5.4 Submission Flow¶
Researcher uploads spectra + metadata via web form or API
→ Server validates format, checks required fields, runs automated QC
→ Creates GitHub PR against the chapter's data branch
→ PR includes: rendered spectral plots, QC report, side-by-side with existing spectra
→ Chapter maintainer reviews using GitHub review tools
→ Accept: PR merges, CI rebuilds static site, DOI minted
→ Request changes: contributor revises and updates PR
→ Reject: PR closed with comments
5.5 Why GitHub PRs for v1¶
- No custom review UI to build — GitHub's review tools are mature
- Full audit trail (comments, diffs, approvals) for free
- Researchers already have GitHub accounts
- CI runs automated QC checks as status checks on the PR
- Scales naturally; move to custom dashboard only if GitHub becomes a bottleneck
6. Contribution Pipeline¶
6.1 What a Contributor Provides¶
Required: - Spectral data files (CSV, ASD binary, SVC, SPECPR, or speclib JSON) - Material identification (species/mineral name, binomial if applicable) - Instrument make and model - Collection date - Location (lat/lon or place name) - Collection method (leaf clip, contact probe, field-of-view, etc.)

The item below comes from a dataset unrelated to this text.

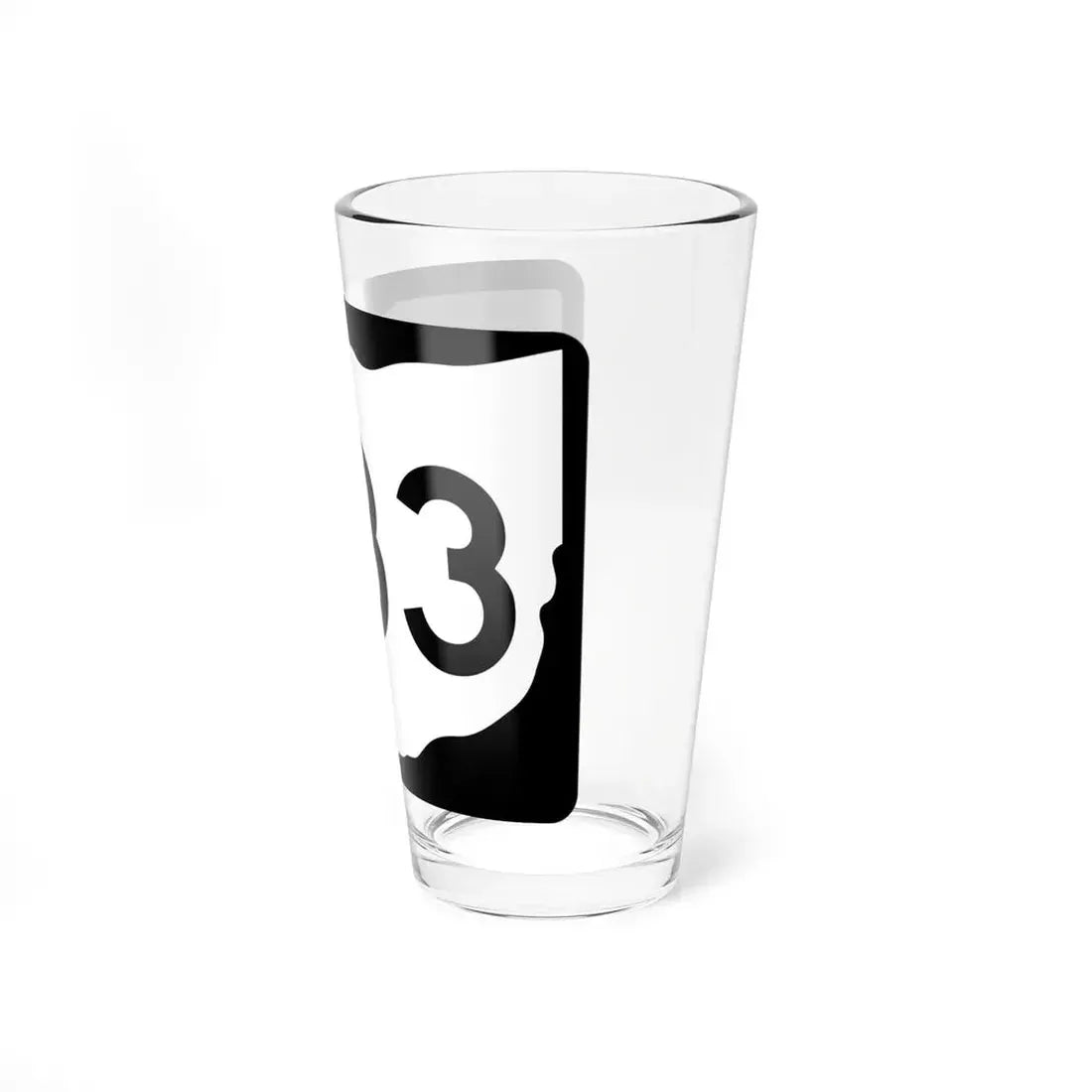 OH-233 (Ohio) (Road Sign) Pint Glss 16oz - Go Mug Yourself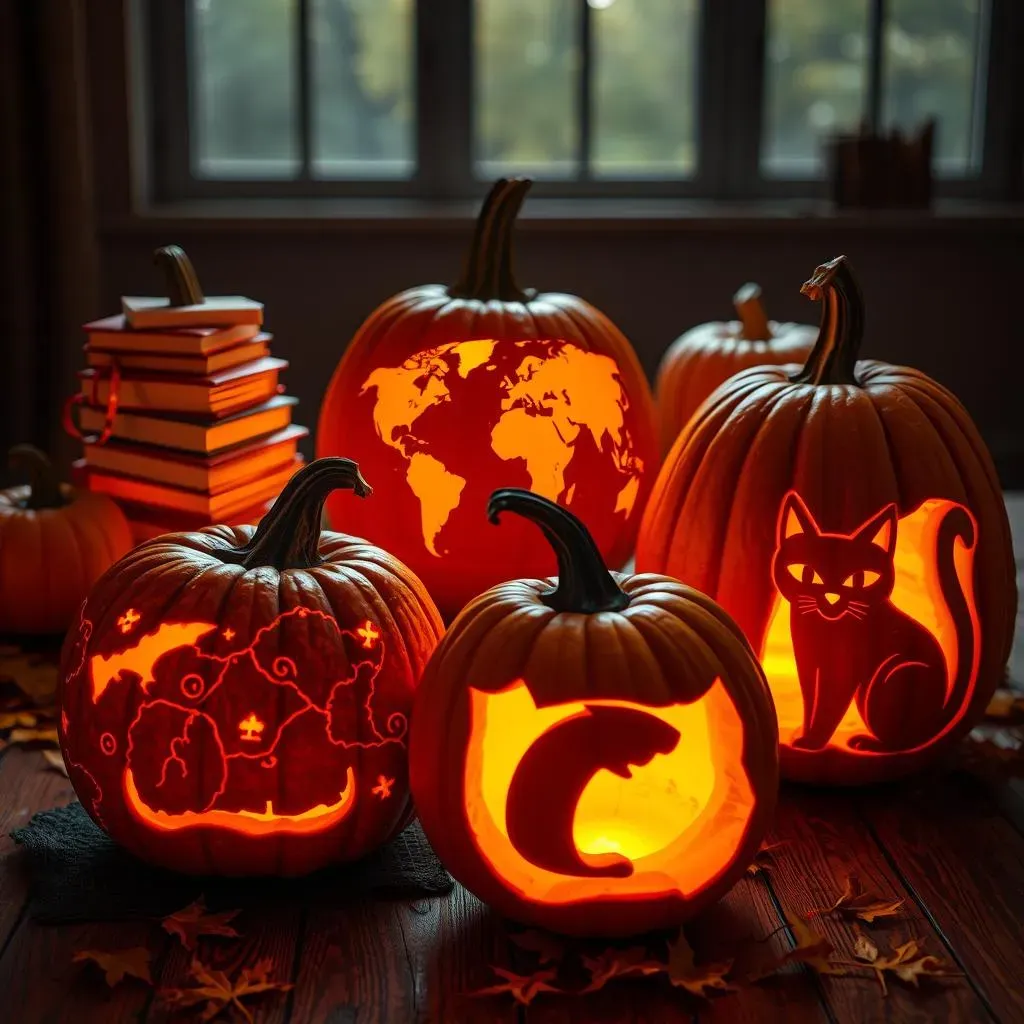 Creative and Unique Cool Pumpkin Carving Ideas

Optional: - Field photos - Vegetation indices - Sampling protocol description - Associated publication DOI - Measurement uncertainty / replicates
6.2 What a Contributor Gets¶
- Peer review from a domain expert (chapter maintainer)
- Persistent DOI for the submission (via Zenodo or DataCite)
- Citable record, e.g.:
Lyons, W.C. (2024). Pyrus calleryana leaf reflectance, Bernheim Forest, KY. speclib:ky-invasives. https://doi.org/10.xxxxx
- Spectra permanently discoverable in the viewer, packages, and API
- Attribution on the chapter page
- Credit in any endmember collection that includes their data
6.3 Automated QC Checks¶
Run as CI on every submission PR:
- Wavelength array sorted ascending
- Reflectance values in [0.0, 1.0] (flag but don't reject — emissivity and transmittance exist)
- No wavelength gaps > 2x median spacing
- Minimum metadata fields present
- Signal-to-noise ratio estimate (if replicates provided)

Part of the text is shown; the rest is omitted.